Already, there is some (not entirely justified) fury among left-wingers that the DCCC did not do more for Thompson in Kansas because was a Bernie Sanders sympathizer. (As if the party committee could have overcome a seven-point margin in a heavily Republican district.)
The Democratic base’s expectations are currently quite high — perhaps too high — in this Georgia race, and Democratic morale could be dashed if Ossoff falls flat. The more losses, the more recriminations there will be.
Assuming Republicans do force the runoff against Ossoff, which seems likely, Karen Handel is the Republican candidate most likely to qualify for it — Bob Gray, the candidate backed by the Club for Growth, is the other one with a reasonable shot. For now, the Republicans’ voices are hard for voters to hear over the din of an 18-candidate jungle primary, and that’s a challenge that Ossoff, as the nationally ordained Democratic savior, does not face. But this factor will be more even in a runoff campaign, and the Republican Party apparatus will be in a position to campaign for someone instead of merely against Ossoff.

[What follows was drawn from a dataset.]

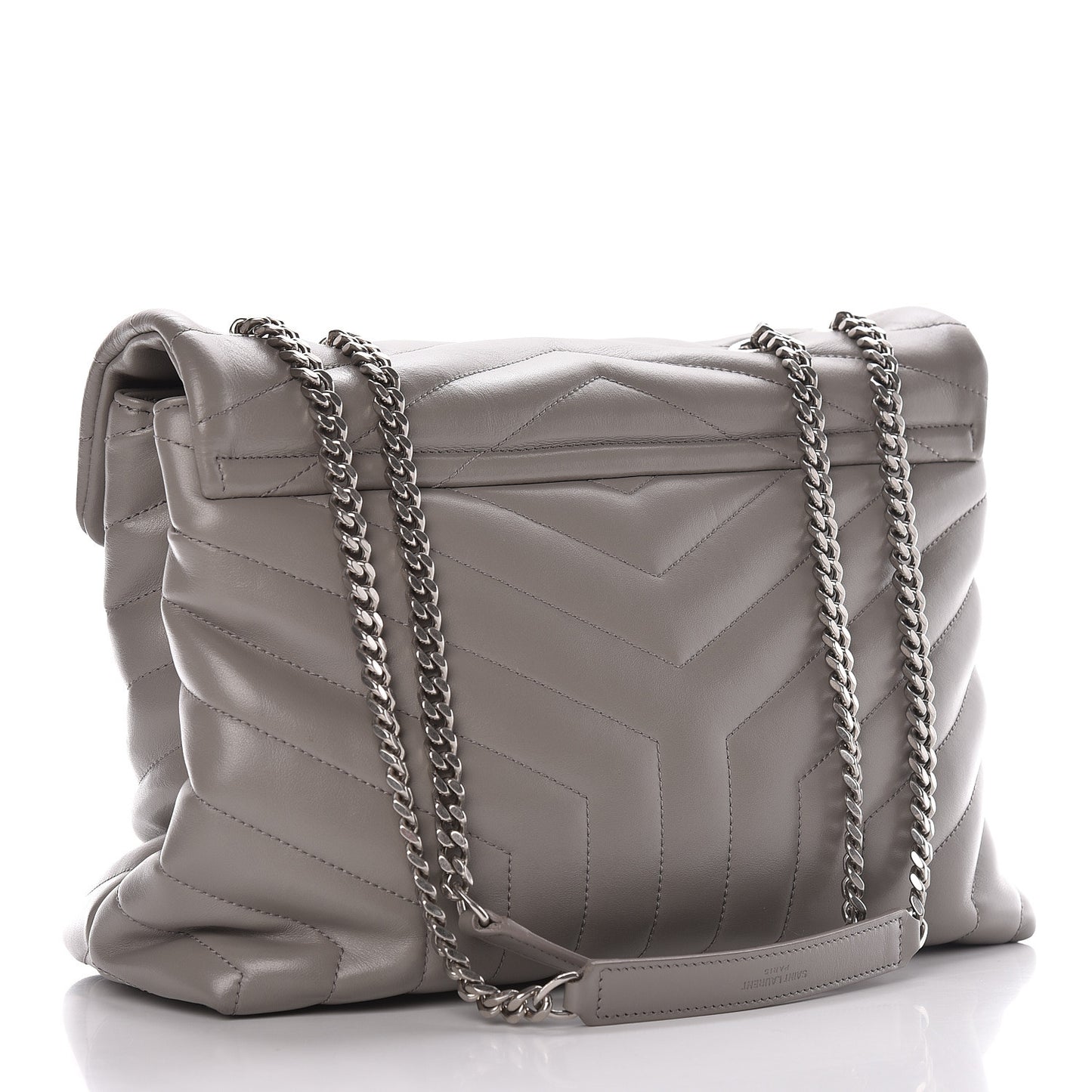 Calfskin Y Quilted Monogram Medium Loulou Chain Satchel Light Gray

Montana-At Large: The race to replace former Rep. Ryan Zinke, R, takes place May 25. Republicans may have been fortunate to draw an opponent (Robert Quist) who has previously advocated gun registration in a state where gun rights are sacrosanct. But they’re already dumping money into this House special election, taking no chances and making sure everyone is aware of it.
The NRCC poured in more than a quarter-million dollars last week against Quist, and the NRA an additional $160,000. Last month, Paul Ryan’s SuperPAC tossed in an astounding $700,000, apparently just to discourage any Democratic involvement. Spending on the Democratic side was more limited, with Planned Parenthood kicking in just a few thousand for canvassing and phone banking.
Republicans won’t be lacking for resources in this race, as their candidate, businessman and 2016 gubernatorial nominee Greg Gianforte, has great personal wealth and is willing to spend it.